Supreme Court Ruled Against Family in Child Age Out Case is a major disappointment for all F2B files, because Congress probably did not intend such a narrow interpretation of the law. You are encouraged to use the letter below to contact your Congressman for possible revision of the law.

Dear Congressman___________,

In Lori Scialabba, Acting Director, United States Citizenship and Immigration Services, et al., Petitioners, v. Rosalina Cuellar de Osorio, et al. (Docket 12-930), the Supreme Court recently made a decision which is in opposition to any definition of family unity.

The Court has issued a 5 to 4 decision in the matter of CSPA-F2B cases. DHS and the Obama Administration were able to convince the Court that a child who turns 21 while waiting for a parent’s green card petition will have to have a green card petition re-filed by their parents after the parents eventually get green cards. They will not retain their earlier priority dates in these cases.
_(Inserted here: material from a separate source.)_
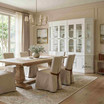 Showcasing angled display cabinets and storage cabinets, the Stonefield Double Display Cabinet Wall Unit with Angled Sides by Thomas and Hurley is shown here with the Sandringham Double Extension Dining Table and Carlyle Chairs.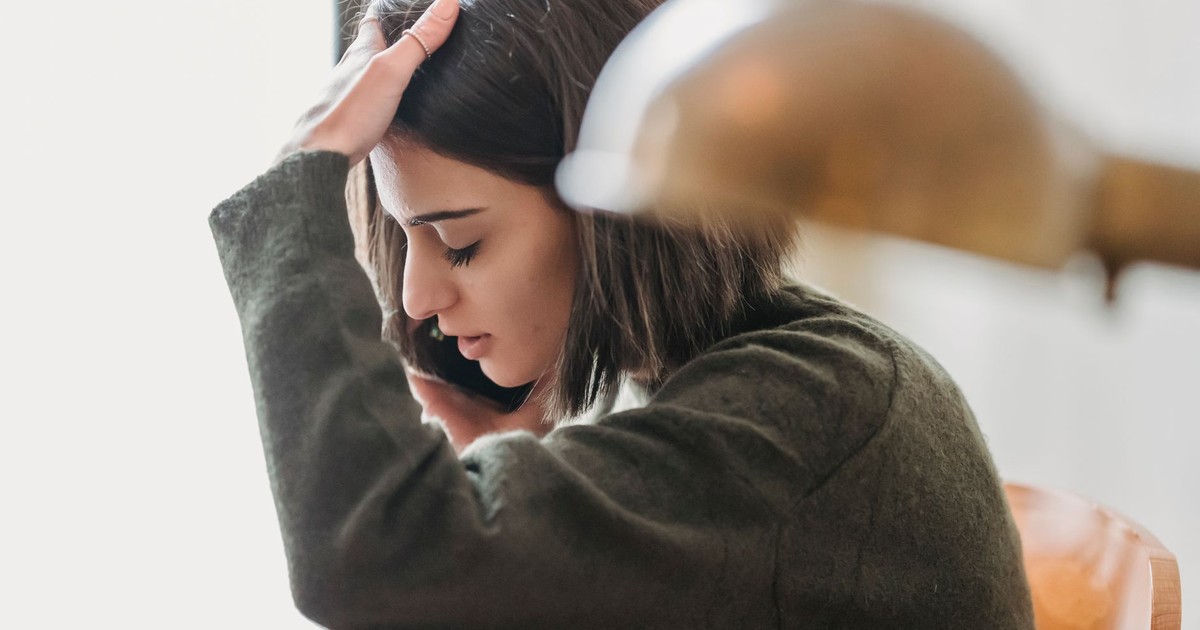 Side view of upset young ethnic female millennial with dark hair grabbing head with closed eyes while having phone conversation sitting on chair at home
The Supreme Court decision is a major disappointment because Congress probably did not intend such a narrow interpretation of the law. The government argued that because when a child aged out, there was no “appropriate category” for them to switch to. CIS said that immigration law did not provide a remedy because the law only applied in cases where “automatic” conversion is possible. In other words, a child who ages out can only be an F2B without any connection to the parents' priority date.

I urge you to act to reconsider the interpretation of this law. This is the only way that the young visa applicants can be humanely and swiftly reunited with their parents in the US.